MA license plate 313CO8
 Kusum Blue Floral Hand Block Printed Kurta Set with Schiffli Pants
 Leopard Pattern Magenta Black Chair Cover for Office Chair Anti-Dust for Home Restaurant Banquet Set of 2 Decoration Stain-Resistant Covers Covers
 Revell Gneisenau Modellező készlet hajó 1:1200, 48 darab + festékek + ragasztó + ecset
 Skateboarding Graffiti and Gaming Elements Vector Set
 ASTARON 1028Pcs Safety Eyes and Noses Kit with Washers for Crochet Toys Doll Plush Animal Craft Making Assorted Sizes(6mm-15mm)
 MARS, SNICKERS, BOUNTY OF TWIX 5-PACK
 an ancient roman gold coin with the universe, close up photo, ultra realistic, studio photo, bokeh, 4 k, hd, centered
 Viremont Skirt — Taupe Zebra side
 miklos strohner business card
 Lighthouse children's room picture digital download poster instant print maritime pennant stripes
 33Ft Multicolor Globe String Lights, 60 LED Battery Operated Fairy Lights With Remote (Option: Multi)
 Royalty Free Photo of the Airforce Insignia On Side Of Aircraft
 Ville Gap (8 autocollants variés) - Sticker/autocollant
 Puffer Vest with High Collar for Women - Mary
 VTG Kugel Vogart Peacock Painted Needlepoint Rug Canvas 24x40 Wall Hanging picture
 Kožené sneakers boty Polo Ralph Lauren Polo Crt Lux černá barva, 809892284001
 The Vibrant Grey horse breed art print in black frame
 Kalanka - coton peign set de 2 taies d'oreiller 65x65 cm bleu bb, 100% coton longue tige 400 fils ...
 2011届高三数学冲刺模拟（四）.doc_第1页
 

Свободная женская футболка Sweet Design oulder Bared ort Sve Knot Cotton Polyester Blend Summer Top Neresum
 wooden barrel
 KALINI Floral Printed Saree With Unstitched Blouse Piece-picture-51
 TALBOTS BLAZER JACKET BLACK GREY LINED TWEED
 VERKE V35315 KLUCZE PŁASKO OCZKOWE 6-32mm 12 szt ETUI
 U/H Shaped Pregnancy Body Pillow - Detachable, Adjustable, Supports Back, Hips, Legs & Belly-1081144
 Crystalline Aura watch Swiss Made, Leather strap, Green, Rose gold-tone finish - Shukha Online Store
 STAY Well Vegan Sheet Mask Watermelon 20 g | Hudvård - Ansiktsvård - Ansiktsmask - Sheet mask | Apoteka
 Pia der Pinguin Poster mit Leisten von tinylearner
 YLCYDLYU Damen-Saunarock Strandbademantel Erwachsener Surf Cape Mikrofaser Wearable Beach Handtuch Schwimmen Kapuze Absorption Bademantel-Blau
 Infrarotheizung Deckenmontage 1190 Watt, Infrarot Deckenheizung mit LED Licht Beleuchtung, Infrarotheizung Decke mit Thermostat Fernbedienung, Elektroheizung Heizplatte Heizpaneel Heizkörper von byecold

▶ [Task objective] Your answer should be the line with "The Vibrant Grey" and all lines after it in the listing above, repeated exactly. No other lines belong.

▶ [Response for this exercise]
 The Vibrant Grey horse breed art print in black frame
 Kalanka - coton peign set de 2 taies d'oreiller 65x65 cm bleu bb, 100% coton longue tige 400 fils ...
 2011届高三数学冲刺模拟（四）.doc_第1页
 

Свободная женская футболка Sweet Design oulder Bared ort Sve Knot Cotton Polyester Blend Summer Top Neresum
 wooden barrel
 KALINI Floral Printed Saree With Unstitched Blouse Piece-picture-51
 TALBOTS BLAZER JACKET BLACK GREY LINED TWEED
 VERKE V35315 KLUCZE PŁASKO OCZKOWE 6-32mm 12 szt ETUI
 U/H Shaped Pregnancy Body Pillow - Detachable, Adjustable, Supports Back, Hips, Legs & Belly-1081144
 Crystalline Aura watch Swiss Made, Leather strap, Green, Rose gold-tone finish - Shukha Online Store
 STAY Well Vegan Sheet Mask Watermelon 20 g | Hudvård - Ansiktsvård - Ansiktsmask - Sheet mask | Apoteka
 Pia der Pinguin Poster mit Leisten von tinylearner
 YLCYDLYU Damen-Saunarock Strandbademantel Erwachsener Surf Cape Mikrofaser Wearable Beach Handtuch Schwimmen Kapuze Absorption Bademantel-Blau
 Infrarotheizung Deckenmontage 1190 Watt, Infrarot Deckenheizung mit LED Licht Beleuchtung, Infrarotheizung Decke mit Thermostat Fernbedienung, Elektroheizung Heizplatte Heizpaneel Heizkörper von byecold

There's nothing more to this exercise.